You are viewing a plain text version of this content. The canonical link for it is here.
Posted to user@flink.apache.org by Chesnay Schepler <ch...@apache.org> on 2022/01/12 09:03:50 UTC
Re: what is efficient way to write Left join in flink

Your best bet is to try out both approaches with some representative data.

On 12/01/2022 08:11, Ronak Beejawat (rbeejawa) wrote:
> Hi Team,
>
> Can you please help me with the below query, I wanted to know which approach will be better and efficient for multiple left join within one min tumbling window concept (Datastream Vs SQL API wrt. performance and memory management)
>
> Use case :
> 1. We have topic one (testtopic1) which will get half a million data every minute.

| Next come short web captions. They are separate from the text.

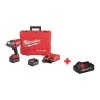 Milwaukee M18 FUEL(TM) 18.0 1/2" Cordless Impact Wrench Kit, Carrying Case
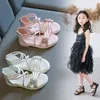 Flickor Sandaler Barn Skor Kids Baby Girls Fashion Sandals Summer School Princess Sandaler med Blomma G220418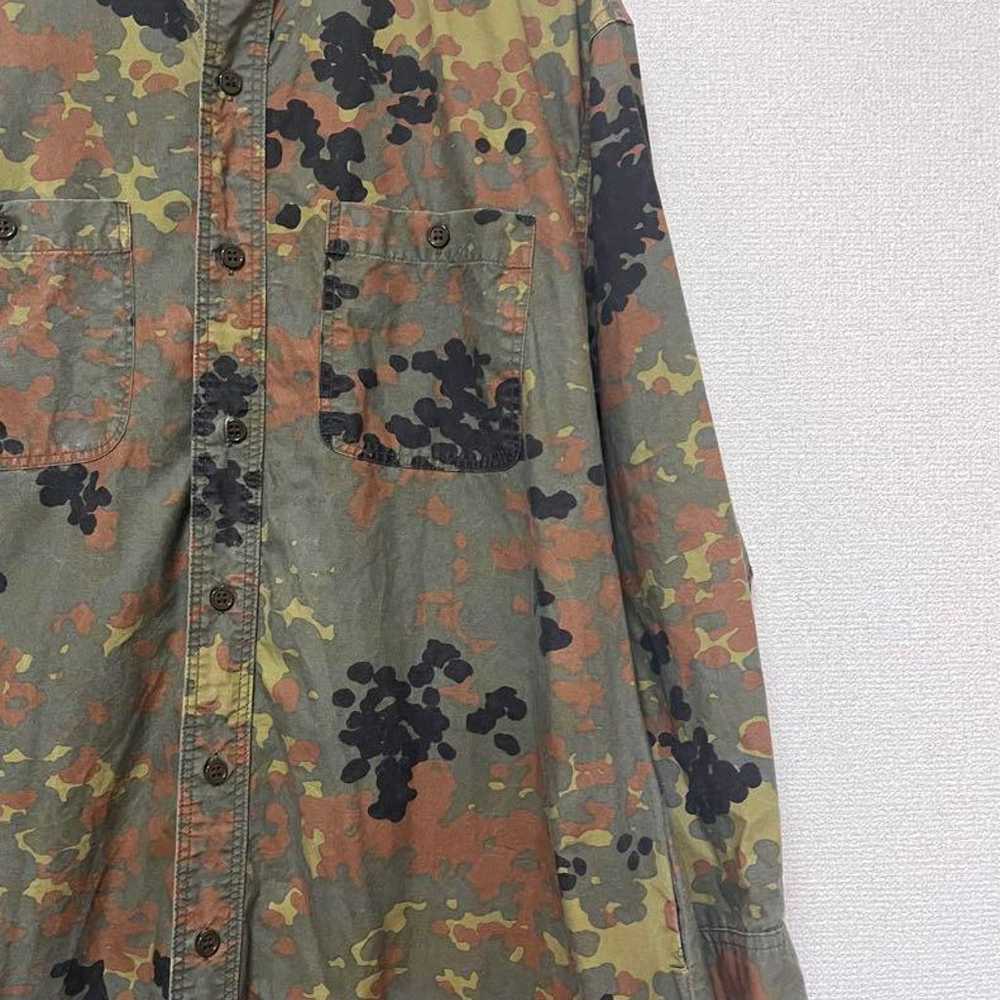 orSlow Camouflage Pattern No-Collar Dress - image 4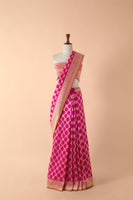 Handwoven Pink Silk Sari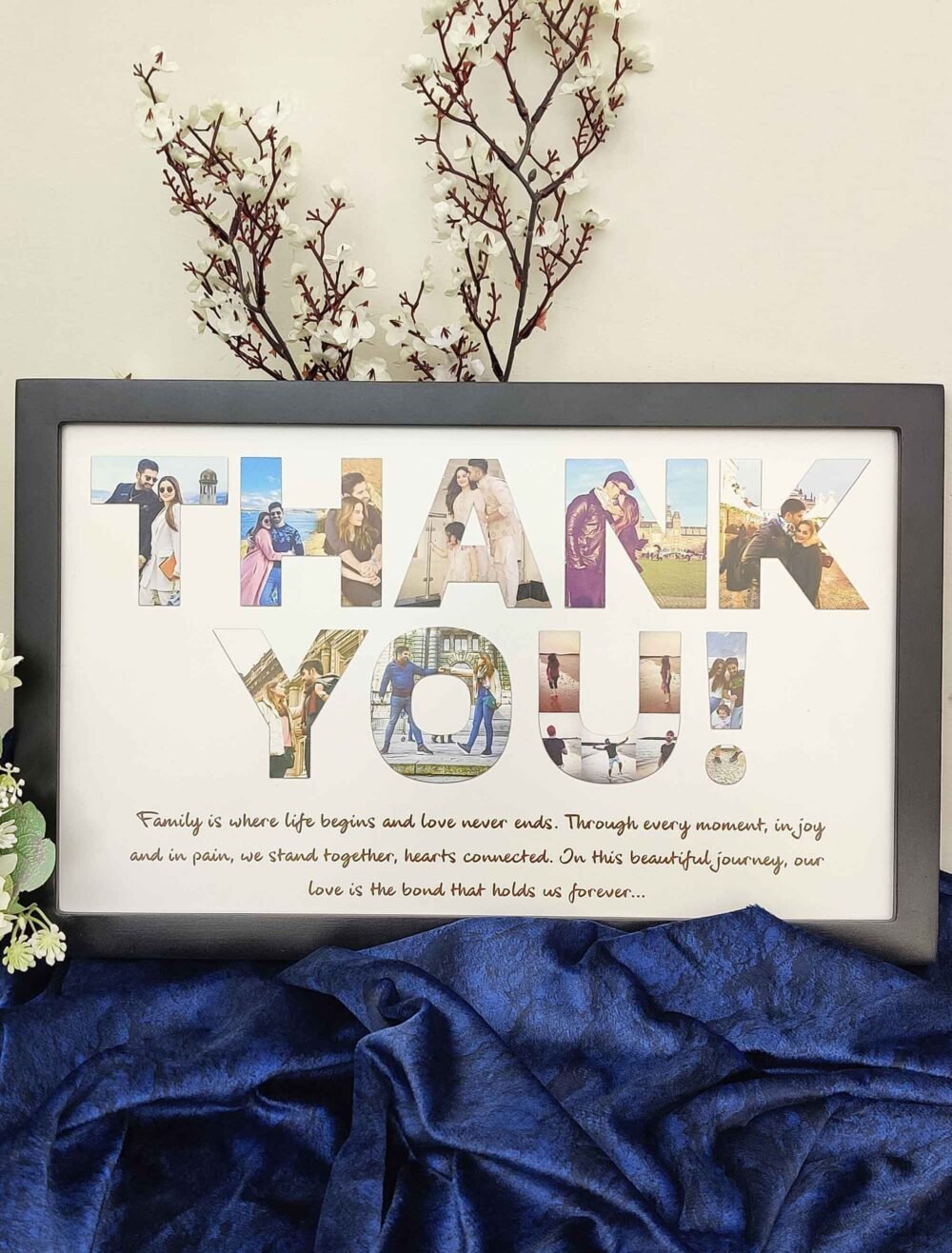 Custom Thank You Photo Frame - Memory Gift for Family, Wife, Husband - The Framers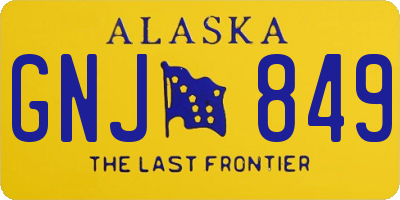 AK license plate GNJ849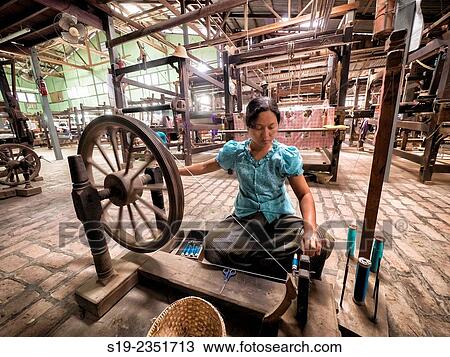 Silk Embroidery, Myanmar View Large Photo Image Stock Image - Silk Embroidery, Myanmar. Fotosearch
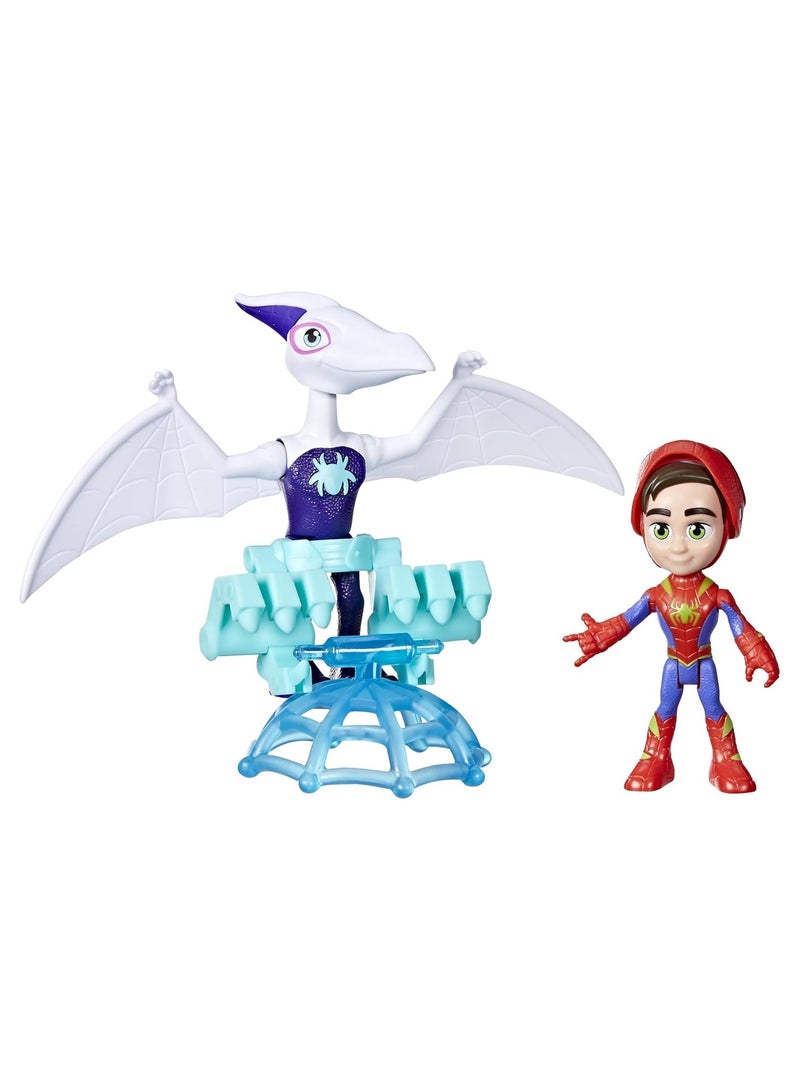 سبايدي اند هيز اميزينج فريندز مجموعة تماثيل غاستوسورس بحجم 4 بوصات | تماثيل ديناصور وبطل خارق | لعبة رائعة للأطفال من عمر 3 سنوات - Image 3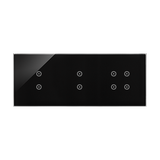 Simon 54 Touch Panel dotykowy S54 Touch 3 moduły 2 pola dotykowe pionowe + 2 pola dotykowe pionowe + 4 pola dotykowe zastygła lawa DSTR3334/73 KONTAKT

> 2. We have topic two (testtopic2) which will get 23 data points as static or reference.
> 3. We have topic two (testtopic3) which will get one million data every minute.
>
>
> So we are doing join as (select * testtopic1  left join  testtopic2 left join testtopic3  group by tumble window of 1 min duration)
>
> So the question is which API will be more efficient and faster for such use case (datastream API or sql API) for intensive joining logic?
>
> Thanks
> Ronak Beejawat
>
>
>
> From: Ronak Beejawat (rbeejawa)
> Sent: Tuesday, January 11, 2022 6:12 PM
> To: 'dev@flink.apache.org' <de...@flink.apache.org>; 'community@flink.apache.org' <co...@flink.apache.org>; 'user@flink.apache.org' <us...@flink.apache.org>
> Cc: 'Hang Ruan' <ru...@gmail.com>; Shrinath Shenoy K (sshenoyk) <ss...@cisco.com>
> Subject: RE: what is efficient way to write Left join in flink
>
> Can please someone help / reply on below Question ?
>
> From: Ronak Beejawat (rbeejawa)
> Sent: Monday, January 10, 2022 7:40 PM
> To: dev@flink.apache.org<ma...@flink.apache.org>; community@flink.apache.org<ma...@flink.apache.org>; user@flink.apache.org<ma...@flink.apache.org>
> Cc: Hang Ruan <ru...@gmail.com>>; Shrinath Shenoy K (sshenoyk) <ss...@cisco.com>>
> Subject: what is efficient way to write Left join in flink
>
> Hi Team,
>
> We want a clarification on one real time processing scenario for below mentioned use case.
>
> Use case :
> 1. We have topic one (testtopic1) which will get half a million data every minute.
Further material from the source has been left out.